Your Havanese puppy is used to sleeping with several siblings, so to feel lonely and cry the first couple of nights is normal. When you are ready for bed, get into a routine of taking puppy to use the potty, and using a verbal que such as, "Okay, it's night night time, lets get in your bed." Use a crate just big enough for puppy to go in, turn around and lay down to sleep. If you are using a larger crate, you can section the crate to make it smaller, or you can place a puppy pad to the back of the crate and a small blanket in to the front section. (I don't recommend the larger crate while they are young.)
When using a small crate, set the crate on a sturdy chair, stool or table at the level with your bed, beside where you are going to sleep.
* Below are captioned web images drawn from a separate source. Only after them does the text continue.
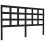 Berkfield Bed Headboard Black 165.5x4x100 cm Solid Wood Pine 2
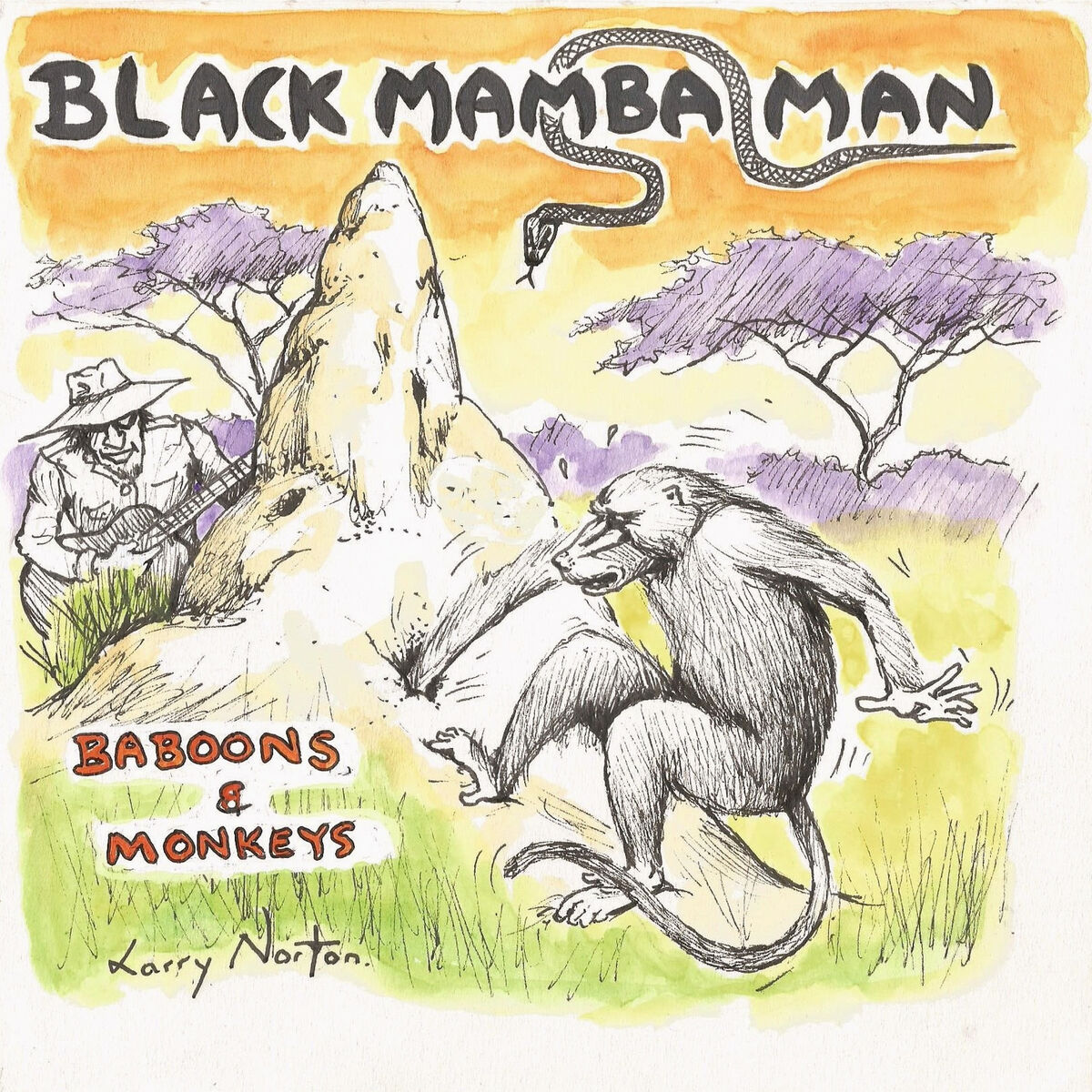 Album cover of Baboons and Monkeys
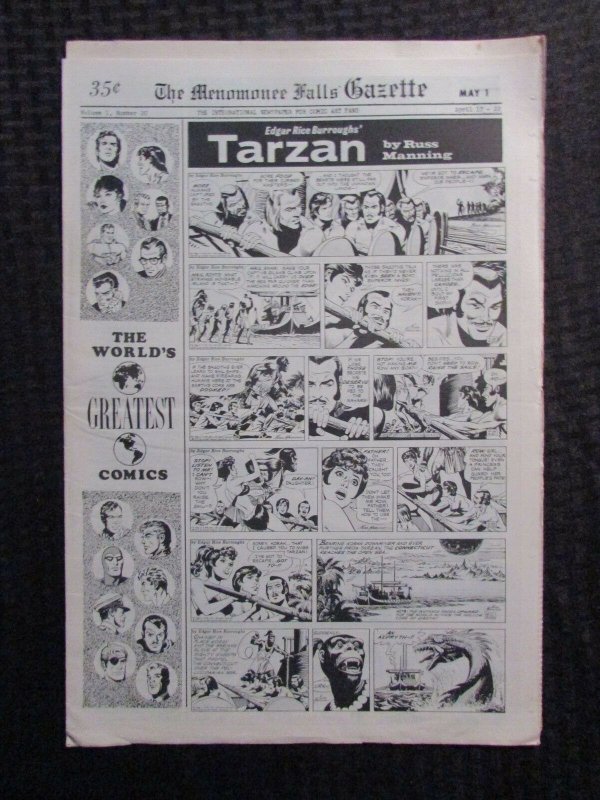 1972 May 1 MENOMONEE FALLS GAZETTE Comic Weekly #20 FN 6.0 Modesty Blaise Tarzan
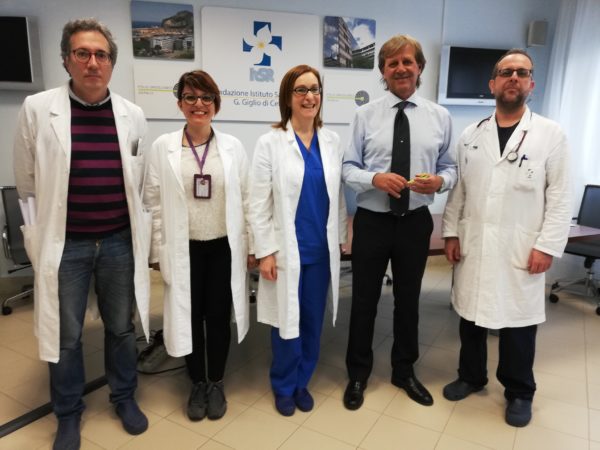 da sx. Marcello Cadelo, Stefania Vara, Catia Vitrano, Giovanni Albano e Maurilio Cirrito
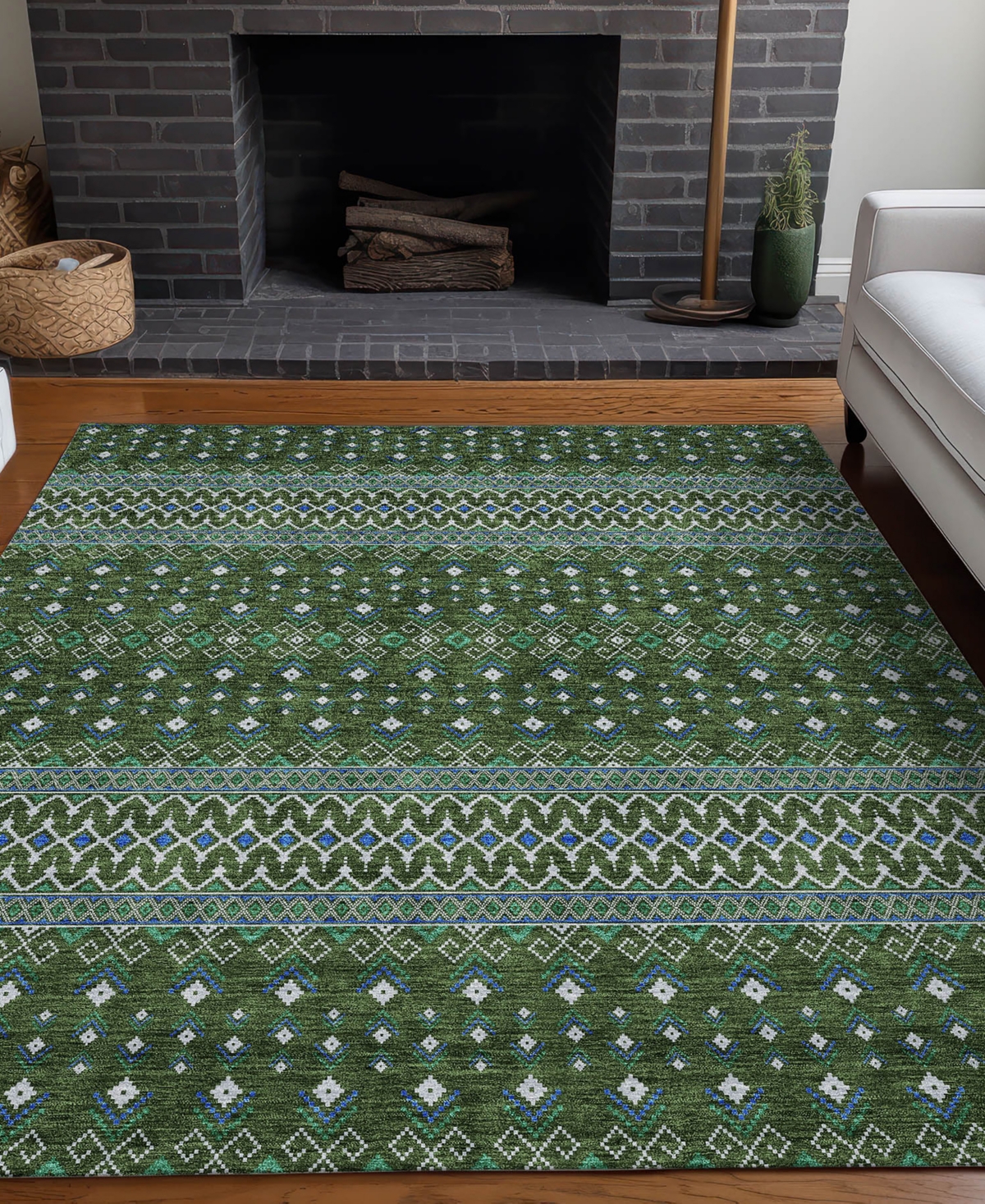 Addison Chantille Acn682 3'x5' Area Rug In Olive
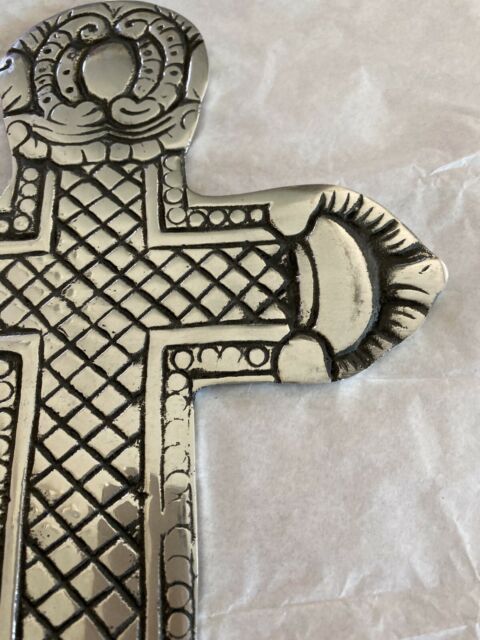 Metal Pewter Cross Art Wall Decor India 10.25" X  (View 6 of 20)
That way puppy can see you while they are trying to fall alseep. They might feel insecure and will most likely cry some at first. When your puppy cries out, simply roll over and place your fingers through the wire door, touching his/her nose or paws. Don't sweet talk, Just say, "no-no" in a soft and reassuring way. Have your fingers there for reassurance. Whatever you do......... do NOT take him/her out of the crate unless you need to change the bedding or you feel they are trying to tell you they need to potty. If you need to change the bed, do it quickly without talking or playing with your puppy. This breed is very smart and could use the crying to wear you down and manipulate you into taking them out of the crate. Once they learn you are easily manipulated.... Game ON! Crying times could increase from 15 minutes to now 30 minutes. By the third or fourth week of consistent routine, you should be able to take the crate off of the table or stool and place it beside of your bed, inside a wire playpen, in the bathroom or kitchen.
Getting through these first few weeks might be a little painful, but once they get into a routine, you will have established a safe sleeping area for your new baby while you are away or sleeping comfortably. I do not recommend puppy sleeping in the bed with you for at least 6 months, or until they have established a reliable bowel habit. Be strong. Trust me, I know this is hard and have experienced night crate training first hand. I do it with all of my dogs. They don't live in their crates, but they do sleep in them and all get good night's rest, as do I. Remember, going to a new home will have new sounds, smells, people and living arrangements. Even the refrigerator will sound differently and can be scary. Your puppy needs to know you are there for them by establishing trust. However, don't allow them to constantly cling to you. This could later cause separation anxiety when you are not available.
A wire crate is wonderful or a hard plastic crate that you can easily clean. They are used to sleeping in a crate since they were around 3-4 weeks old.